Oops stupid question. the testcase is here...having a look.
The patch (id=996J) did stop problems I had with execute hanging. Unfortunately the patch also causes the output of my cvs log command to be prematurely truncated. Before applying the patch, my code would hang the second time I executed a CVS log command but all of the output made it to my client code's input buffer. I made the additional following change: The patch to PumpStreamHandler makes changes like: while (inputThread.isAlive()) { inputThread.interrupt(); inputThread.join(TIMEOUT); } I changed these to instead be: if (inputThread.isAlive()) { inputThread.join(TIMEOUT); while (inputThread.isAlive()) { inputThread.interrupt(); inputThread.join(TIMEOUT); } } From reading the previous patches this seems to have been the intent of Adam Sotona all along. He started out with something similar to this and then lost the initial wait in the later version. Immediately interupting the thread is more likely to cause premature closing of the thread. Thereby preventing the client code from obtaining all the output of the executed command. (cvs log in my case) At least with my additional change there is a better chance all the output is pushed into the client's input buffer.
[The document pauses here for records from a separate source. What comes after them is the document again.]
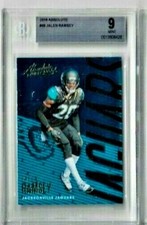 2018 Panini Absolute Jalen Ramsey BGS 9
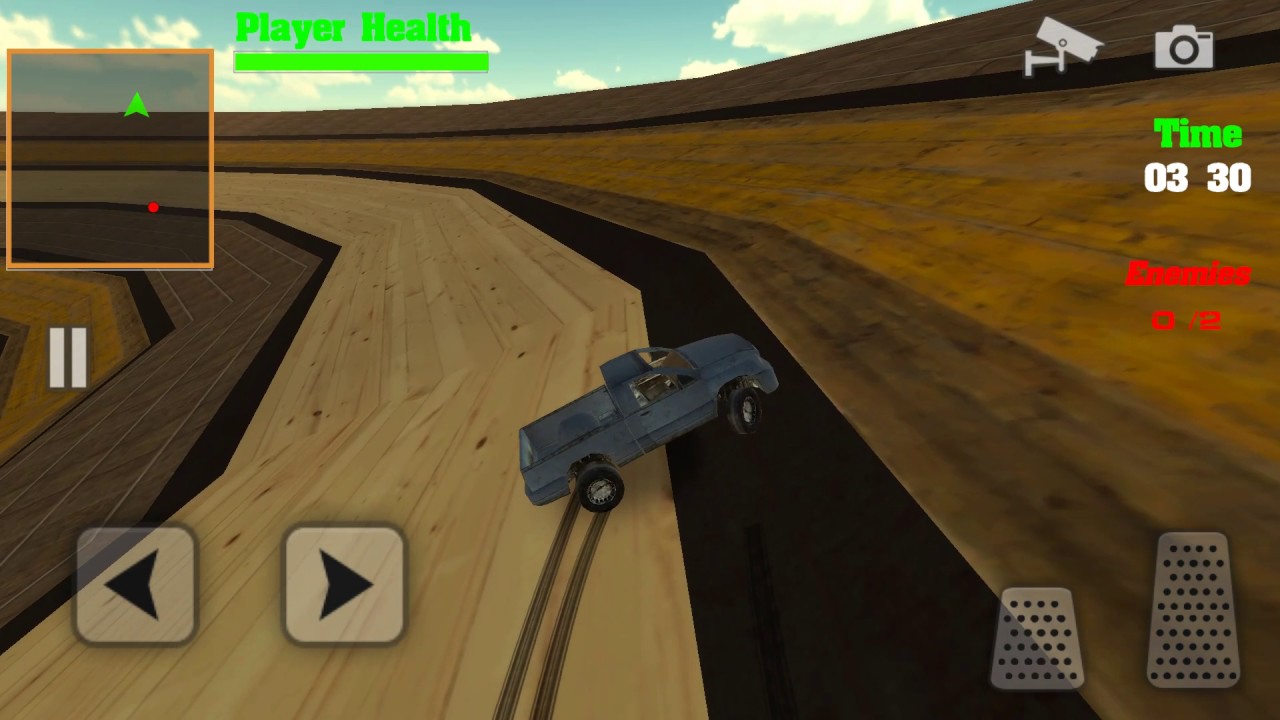 Whirlpool Demolition Derby Car Gameplay (Android)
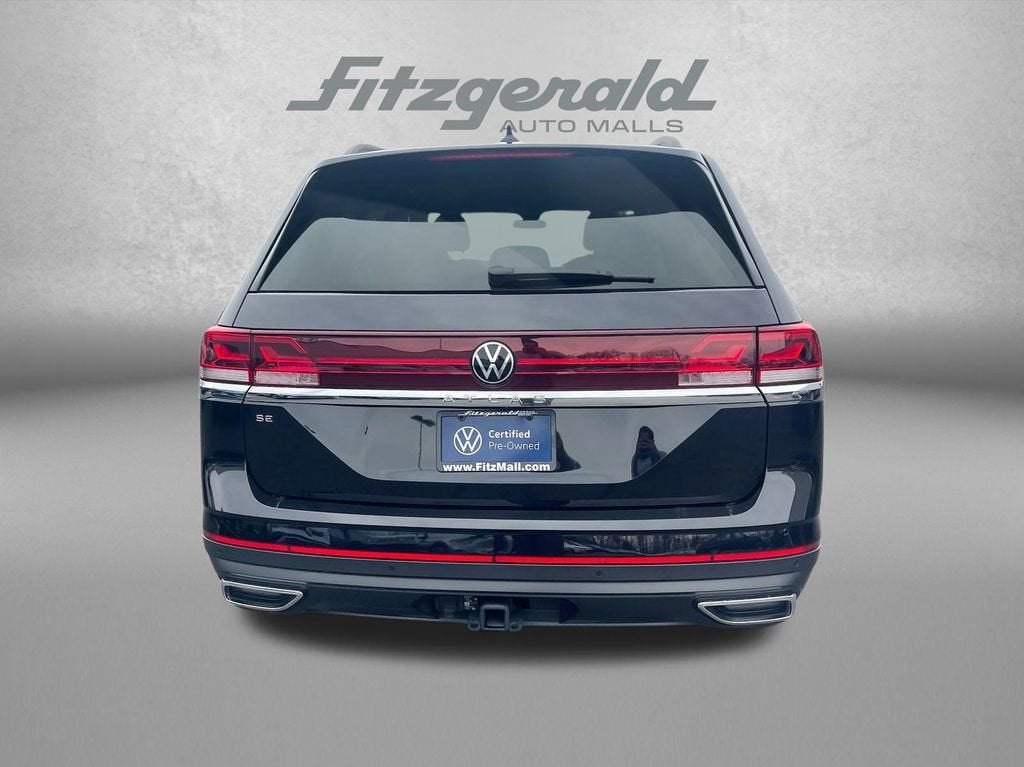 2025 Volkswagen Atlas 2.0T SE w/Technology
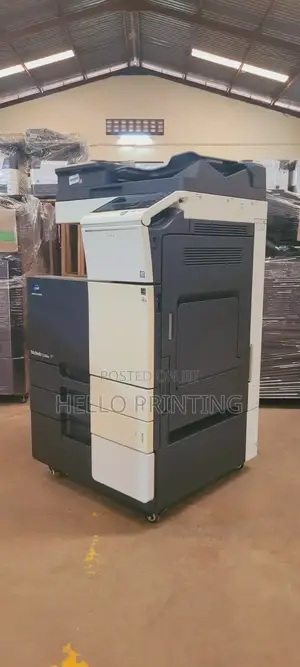 Konica Bizhub C284e Kampala Deal.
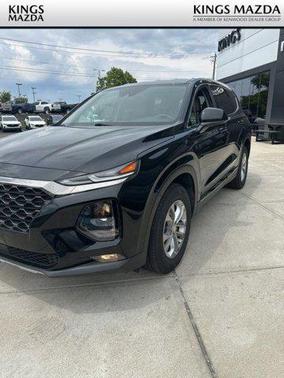 Twilight Black 2019 Hyundai SANTA FE SEL 2.4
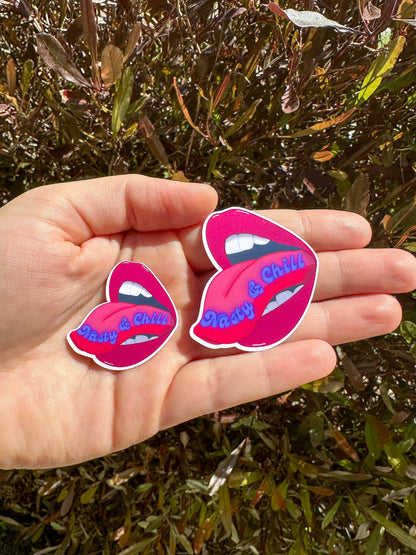 Nasty Mouf Sticker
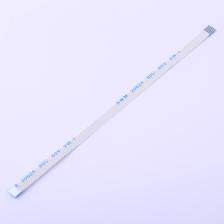 JS05A-06P-100-3-4 FFC/FPC连接线 FFC排线 0.5mm 6P 总长100mm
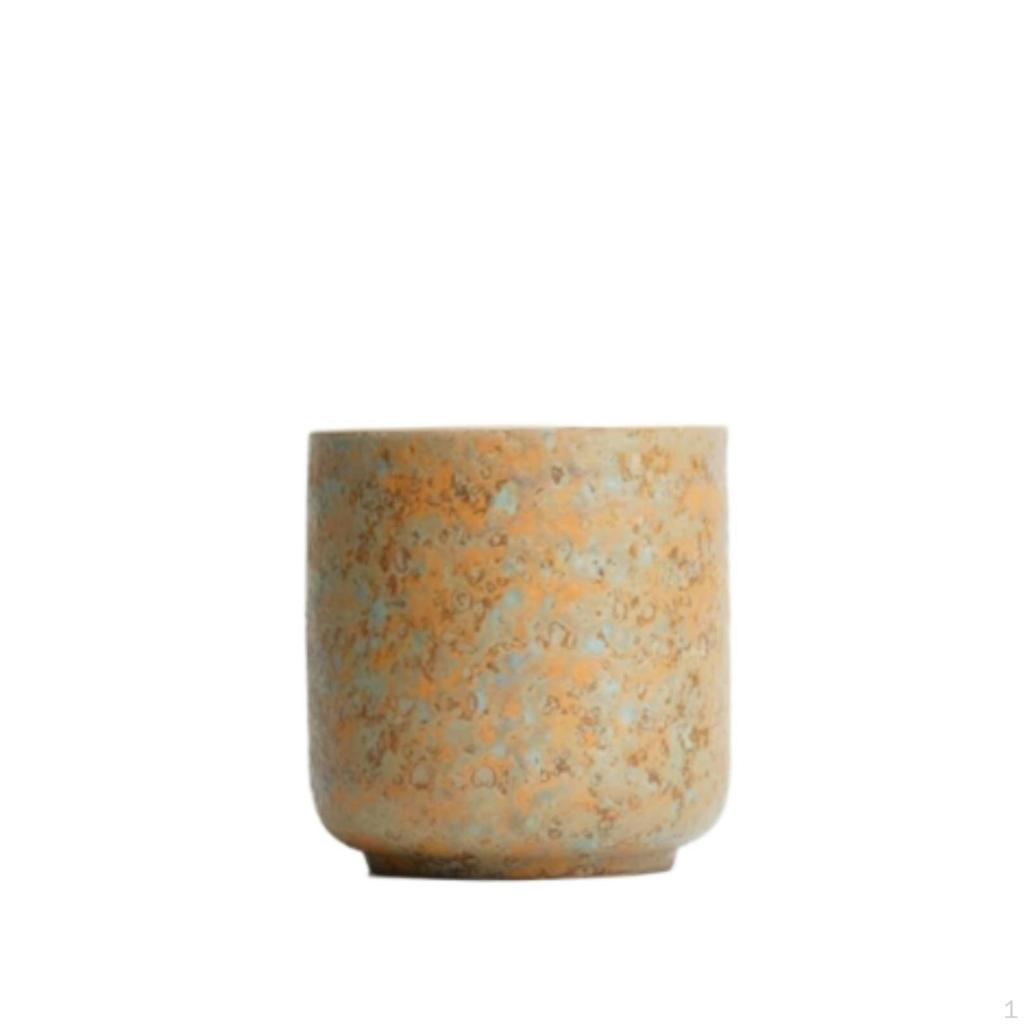 Ceramic Candle Holder, Artistic Decor, Minimalist Home Accent, Scented Vessel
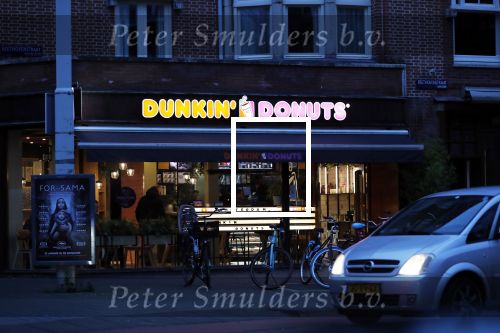 Amsterdam 25 januari 2020
Dunkin Donuts op de beethovenstraat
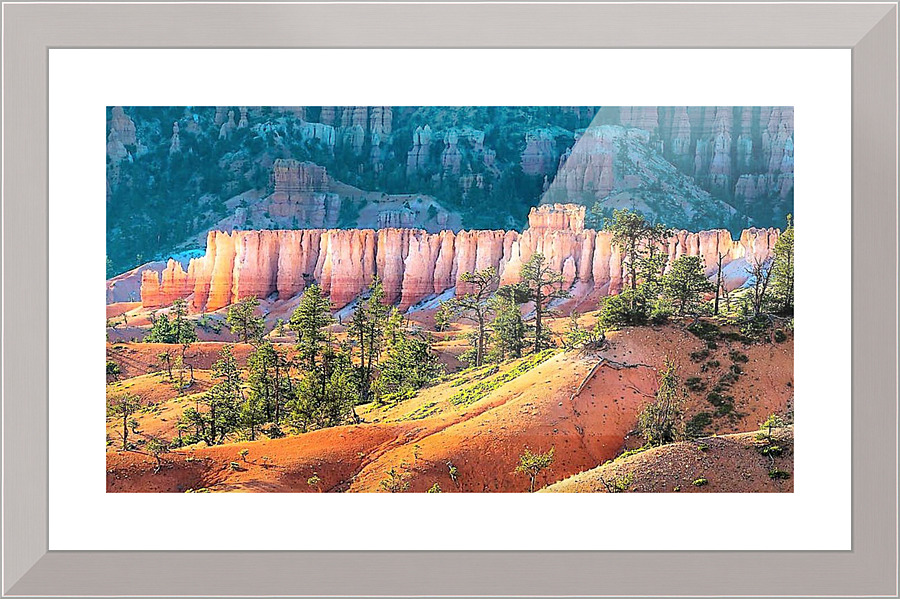 1645 Picture Frame print
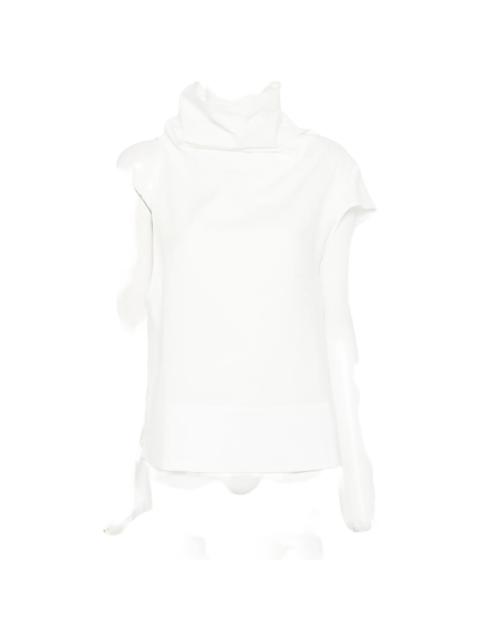 NICCOLÒ PASQUALETTI Niccolò Pasqualetti Serra High-neck Top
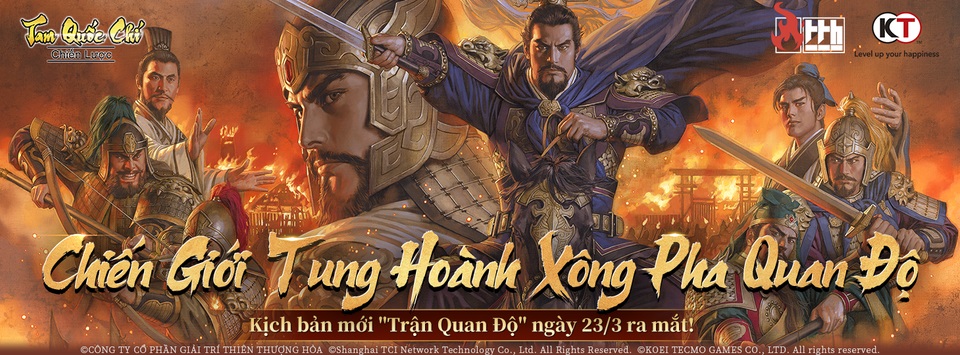 “Trận Quan Độ” tái hiện đặc sắc chiến trường Tam Quốc – Người chơi SLG thực thụ khó lòng bỏ qua! tqccl tranquando 0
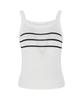 SOUP Striped Summer Knit Top (Oa4Vkt2)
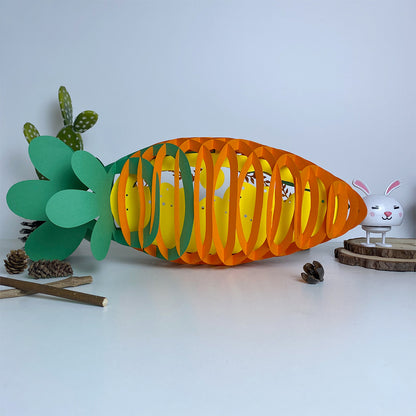 Easter 1 – 3D Pop-Up Card SVG File for Cricut & Silhouette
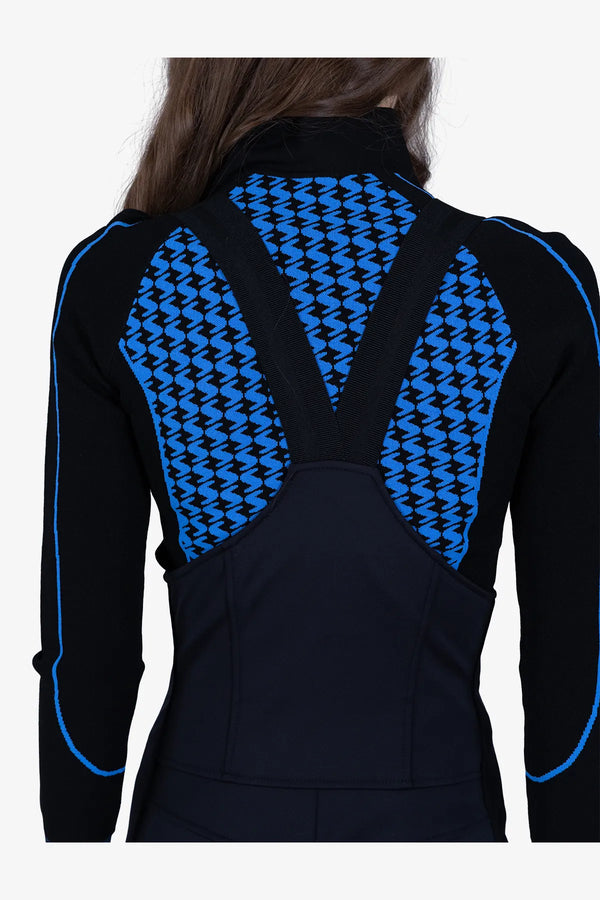 Ski-Latzhose aus Softshell-Qualität 07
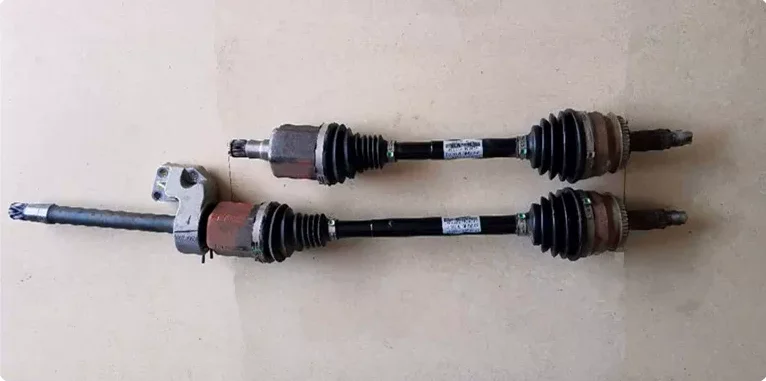 Front Drive Axle Half Shaft Assembly with CV Joint Compatible for ChangAn CS95 Oushang X7 Complete Shaft Assembly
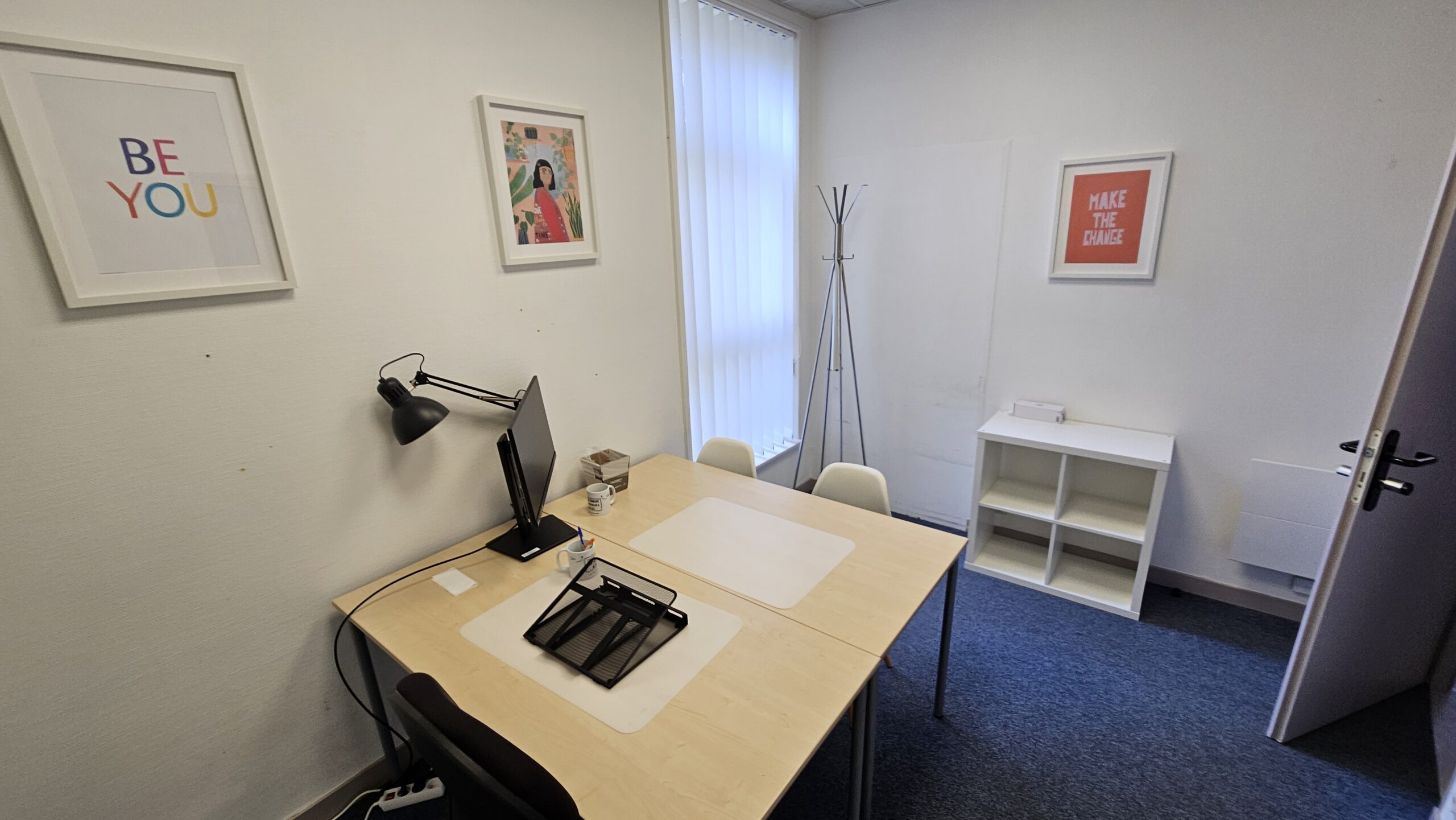 Bureau Le Perroquet 2 postes de travail à La Rochelle (12)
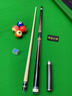 威利臺球桿大頭梅林法杖二代威力黑刃兵主火云起源永恒明月坦克 威利兵主起源 曬單實(shí)拍圖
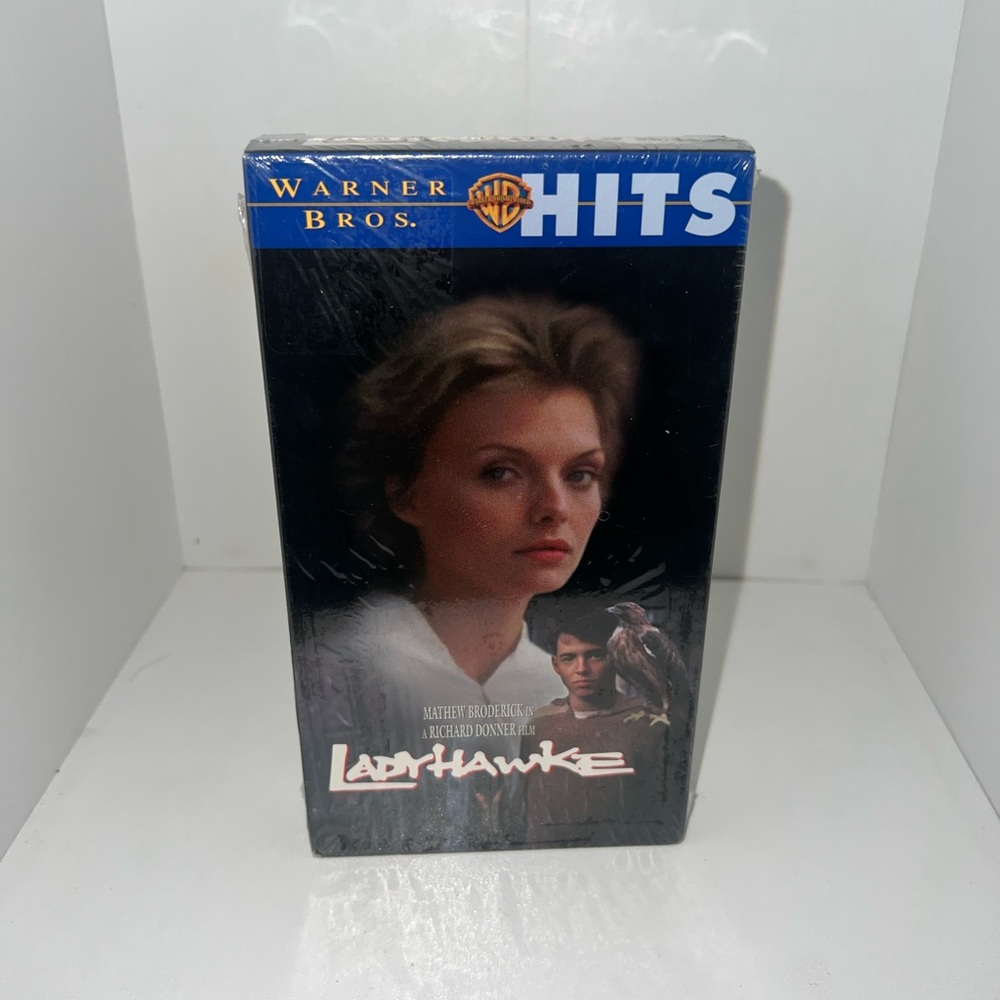 Ladyhawke SEALED VHS TAPE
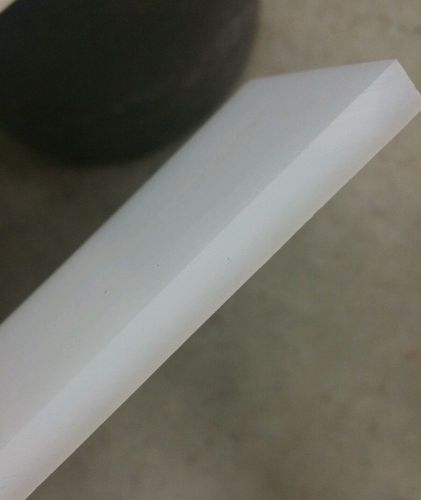 3/8&#034; White UHMW Plastic. 3&#034;X5.5&#034; **TWENTY-THREE PIECES**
Am I correct in thinking that a call to Process.waitFor() would work, except that StreamPumper does not know about such things? The complication is that the command may not finish if you do not read the output streams but I am still wondering whether more fundamental changes might eventually be worthwhile e.g. Ant 2. StreamPumper looks to me like it might be mostly avoided. Still, the latest proposed fix looks like it would work.
I no longer think StreamPumper is likely to be avoided but it is a shame that it is not dead simple. My own software that encountered the same problem under windoze relied on Process.waitFor(). The nearest thing I have to an ant task can now detect and interrupt a thread processing a stream that is never closed. Sorry I don't have time right now to look into this possibility in the ant case.
Assigning back to ant-dev as Stephane is now jetsetting about
Adam, would you like to try the latest CVS version of ant, where <exec/> seems to be implemented by a different class org.apache.tools.ant.taskdefs.ExecTask if I read properly the defaults.properties file. The code is quite different from the code of the old exec task.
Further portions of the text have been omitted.